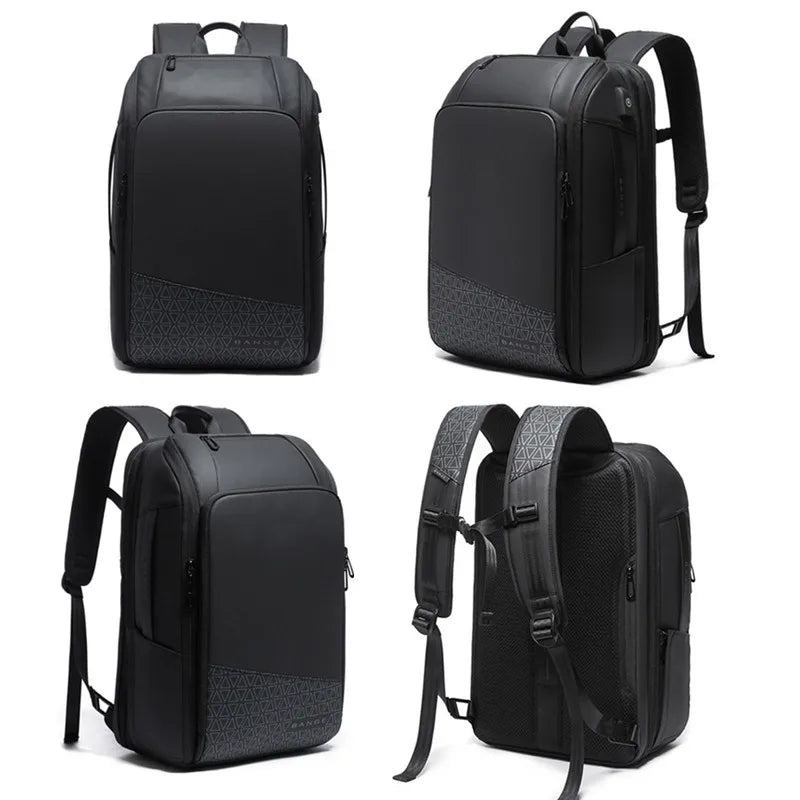 Rugzak als handbagage met laptop- en tabletopslag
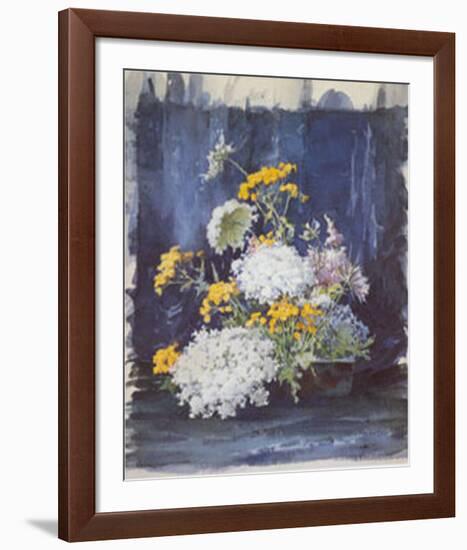 Wild Flowers-Polly Nordell-Framed Art Print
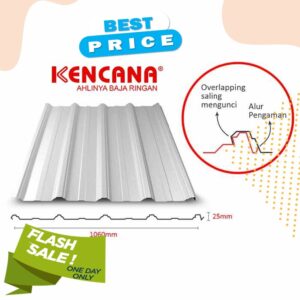 harga spandek kencana purwakarta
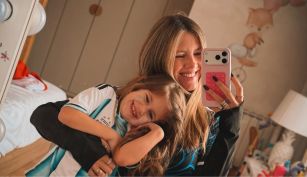 Stephanie Demner y su hija Ariadna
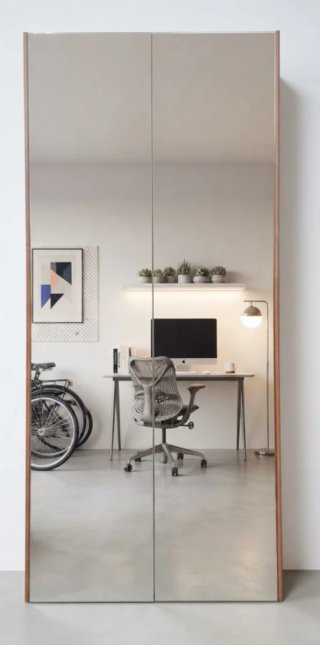 Espejo Grande de Pared o Puerta 62x143 cm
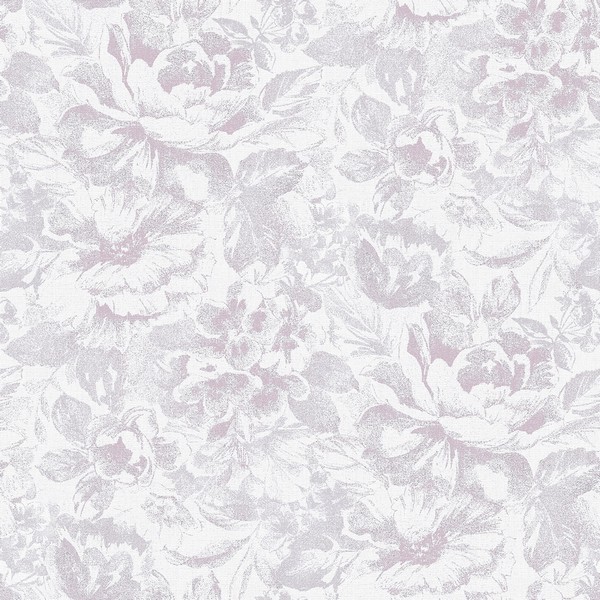Fading Floral Wallpaper
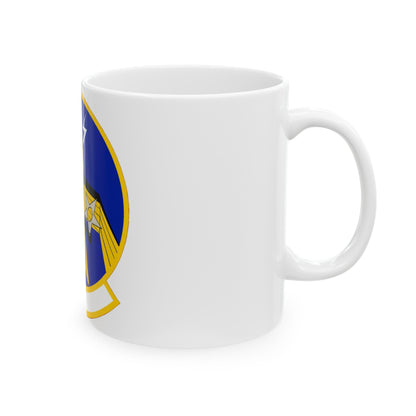 12 Operations Support Squadron AETC (U.S. Air Force) White Coffee Mug-The Sticker Space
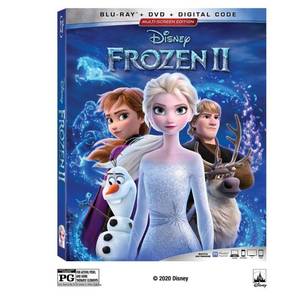 lot 245 image: Walt Disney Pictures - Frozen II BLU-RAY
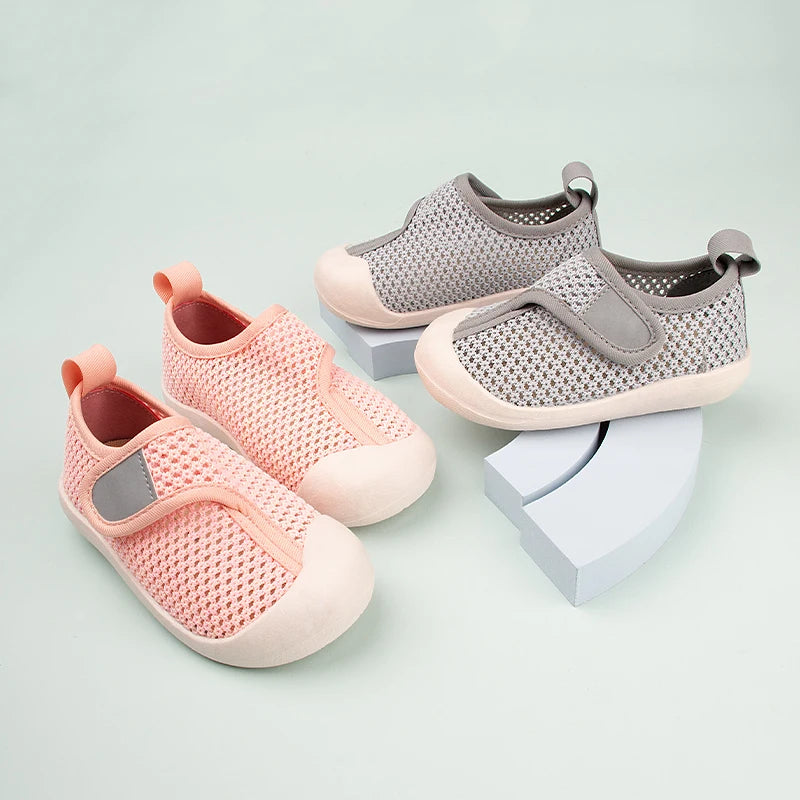 Breathable Kids Mesh Sneakers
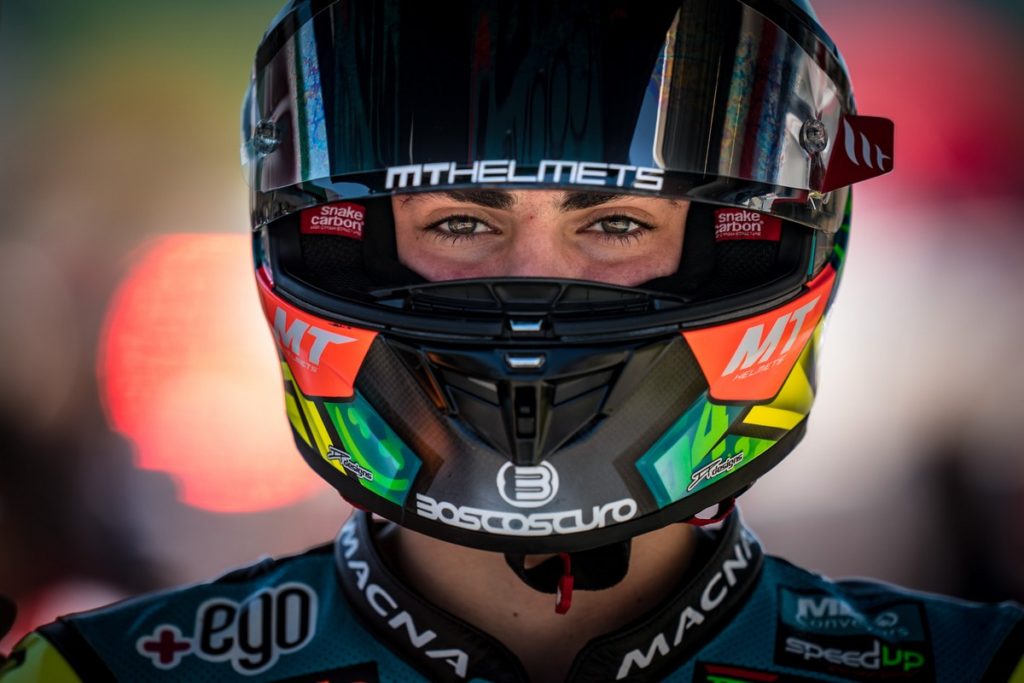 Moto2 Austin: Fermín Aldeguer estabelecido na Speed ​​Up Racing até ao final da temporada. Pelo menos…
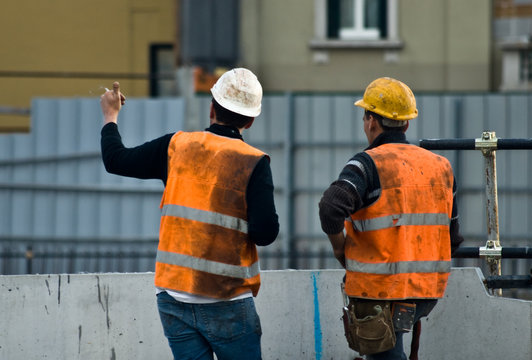 Men at work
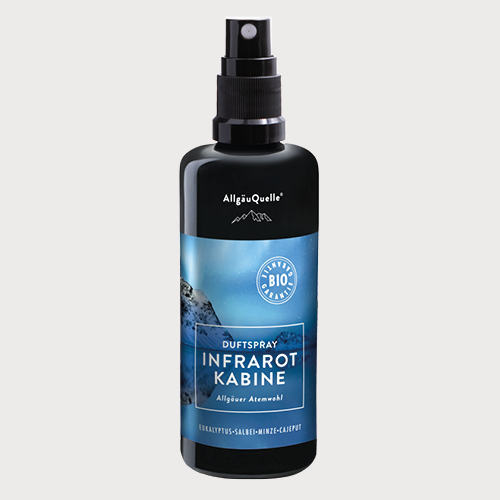Infrarotkabinenspray Allgäuer Atemwohl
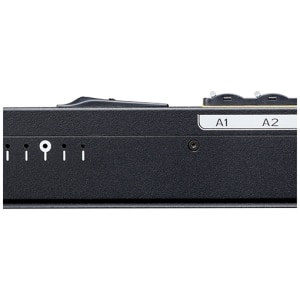 Eaton EMAH28 unidad de distribución de energía (PDU) 8 salidas AC 1U Negro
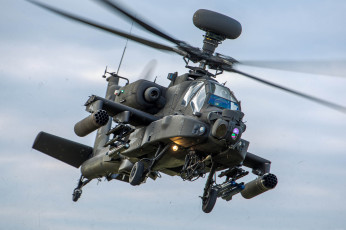 Картинка apache ah1 авиация вертолёты штурмовой армия сша вертолет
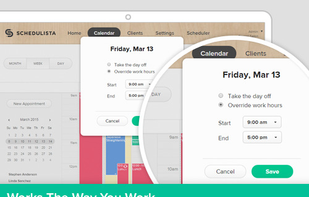 Schedulista screenshot 2
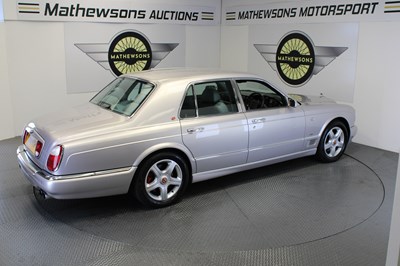 Lot 30 - 2001 BENTLEY ARNAGE RED LABEL AUTO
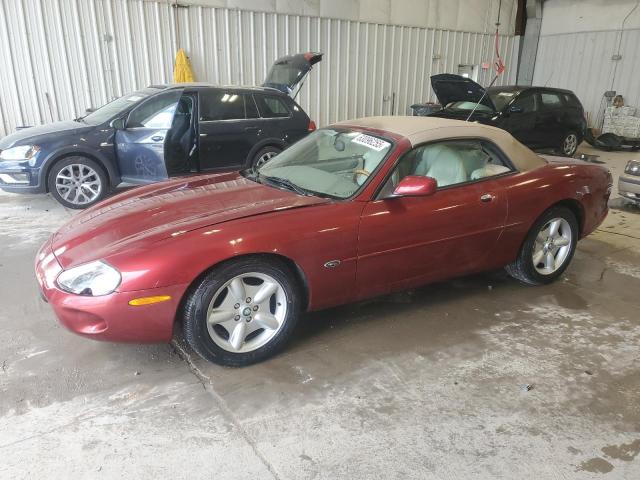 JAGUAR XK8 1997 with VIN SAJGX2744VC004705 - Photo from auction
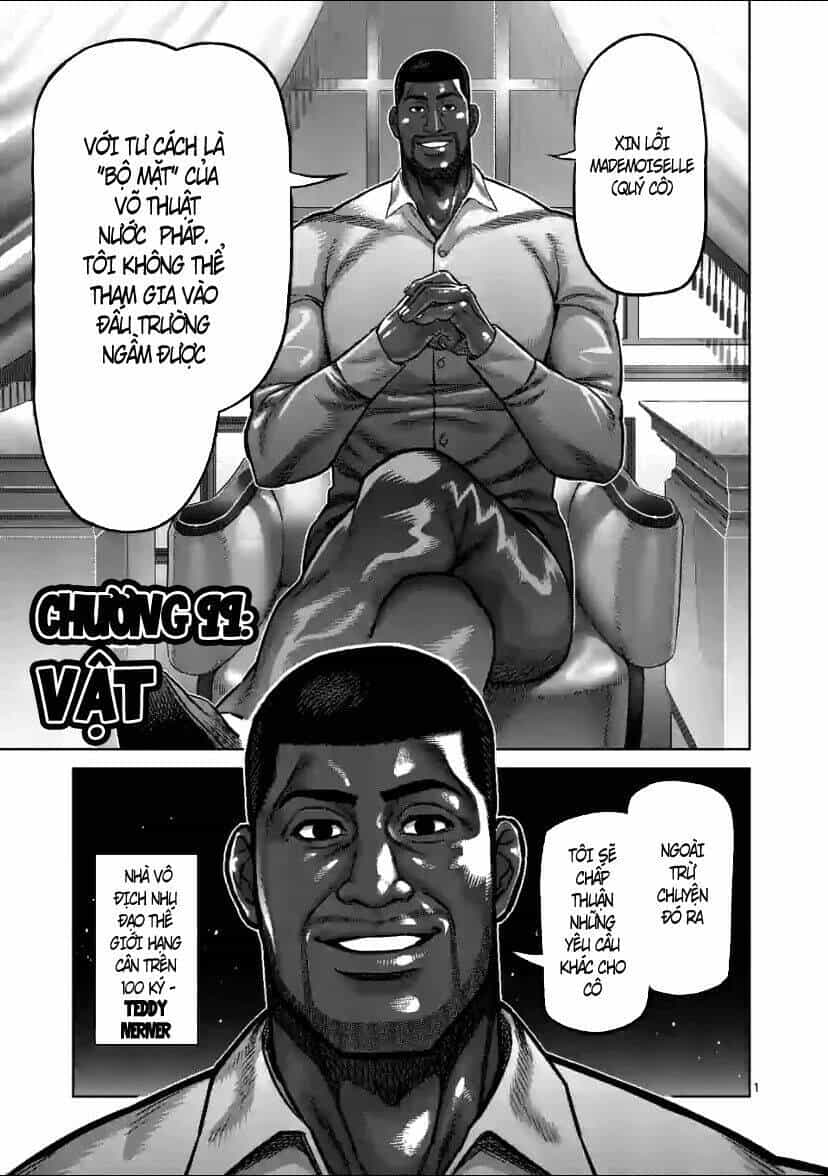Kengan Ashura Phần 2 - Chương 99 - ảnh 1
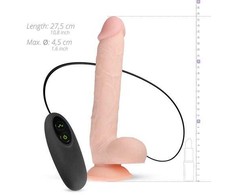 Easytoys Elvin XL Multi-Function Intimate Device 27.5 cm with Remote Control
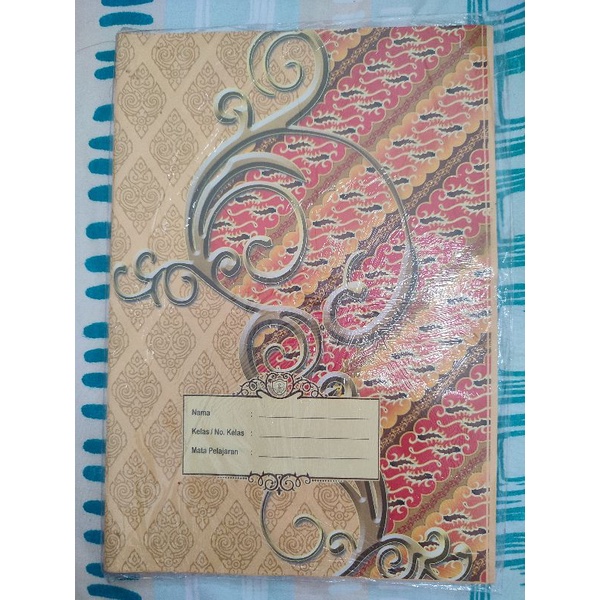

Sampul Buku Batik Ukuran Boxy Untuk Buku Campus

---*---

What you will do: Leave every picture out, and reproduce exactly the lines from the line bearing "Breathable Kids Mesh Sneakers" through the closing line of the material above.

Finished exercise:
 Breathable Kids Mesh Sneakers
 Moto2 Austin: Fermín Aldeguer estabelecido na Speed ​​Up Racing até ao final da temporada. Pelo menos…
 Men at work
Infrarotkabinenspray Allgäuer Atemwohl
 Eaton EMAH28 unidad de distribución de energía (PDU) 8 salidas AC 1U Negro
 Картинка apache ah1 авиация вертолёты штурмовой армия сша вертолет
 Schedulista screenshot 2
 Lot 30 - 2001 BENTLEY ARNAGE RED LABEL AUTO
 JAGUAR XK8 1997 with VIN SAJGX2744VC004705 - Photo from auction
Kengan Ashura Phần 2 - Chương 99 - ảnh 1
 Easytoys Elvin XL Multi-Function Intimate Device 27.5 cm with Remote Control

Sampul Buku Batik Ukuran Boxy Untuk Buku Campus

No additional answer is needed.